Known issues and technical limitations for Hive are addressed in Cloudera Runtime 7.3.2, its service packs, and cumulative hotfixes.
Known issues identified in Cloudera Runtime 7.3.2
- CDPD-73781: High operational costs from automatic partition discovery on cloud storage
- 7.3.1 and its SPs and CHFs, 7.2.18 and its SPs
- In cloud environments, the Partition Management Task (PMT) could significantly increase operational costs and performance overhead for large tables with many partitions.
- To address this issue, you can perform the following:
- Increase the value of the metastore.partition.management.task.frequency property to 86400 seconds.
- Disable partition discovery manually for specific tables incurring high costs by using the discover.partitions table property.
- CDPD-93090: Failure when inserting data into partitions located on a different filesystem than the table
- 7.3.2
- Inserting data into a table partition results in a
MoveTask execution error if the partition is stored in a different filesystem than the parent table. For example, if you create an external table in S3 but add a partition with an HDFS location, the INSERT operation fails with a Wrong FS error.
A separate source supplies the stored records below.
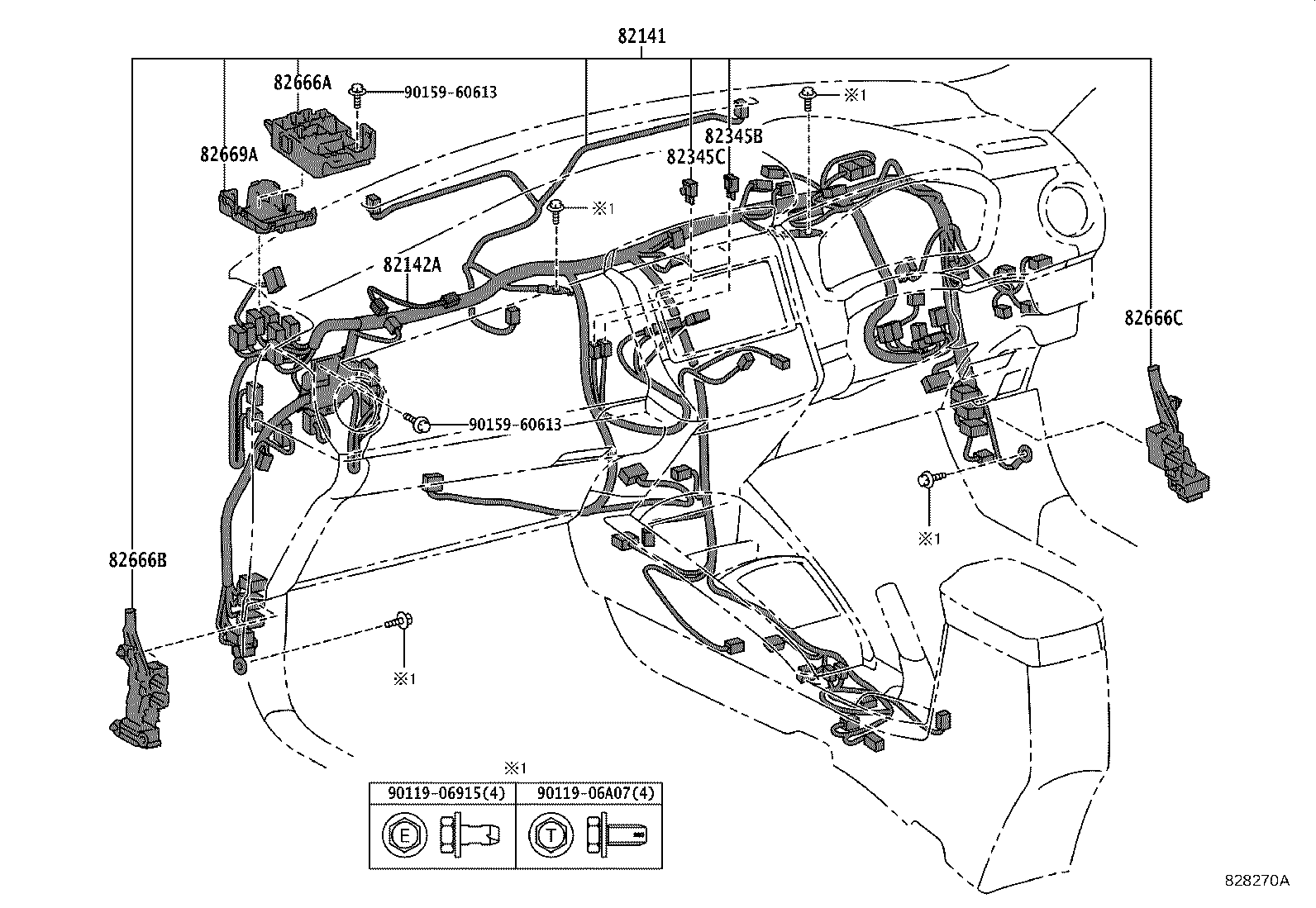 82141-1XE90 Wire, Instrument Panel Toyota | YoshiParts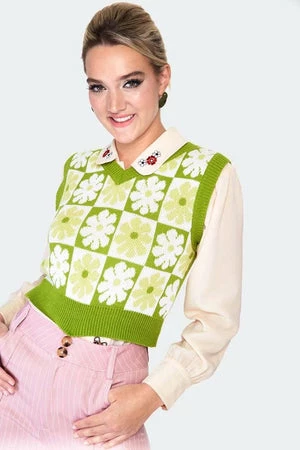 Voodoo Vixen Daisy Crochet Vest 1 Voodoo Vixen Daisy Crochet Vest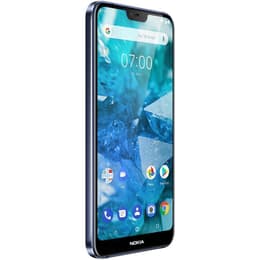 Nokia 7.1 32 Go - Bleu Marine - Débloqué - Dual-SIM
Although the data is physically inserted into the correct location, the query returns a non-zero exit code and displays an error message.
- None
- CDPD-92560: Partition insertion errors across multiple buckets in RAZ enabled clusters
- 7.3.2
- Inserting data into a table partition results in a
MoveTask execution error when the partition is located in a different S3 bucket than the base table. In Ranger Access Control (RAZ) enabled Private Cloud clusters, the INSERT operation fails with a Wrong FS error, even though the data is physically written to the specified partition location.
- None
- CDPD-74192: Hive SSL certificate error during large record copies
- 7.3.1 and its SPs and CHFs, 7.2.18.300,
7.2.18.400
- When you copy a large number of records (approximately 1 million or more) using Hive, the operation might fail with a
javax.net.ssl.SSLException: org.bouncycastle.tls.TlsFatalAlert: certificate_unknown(46)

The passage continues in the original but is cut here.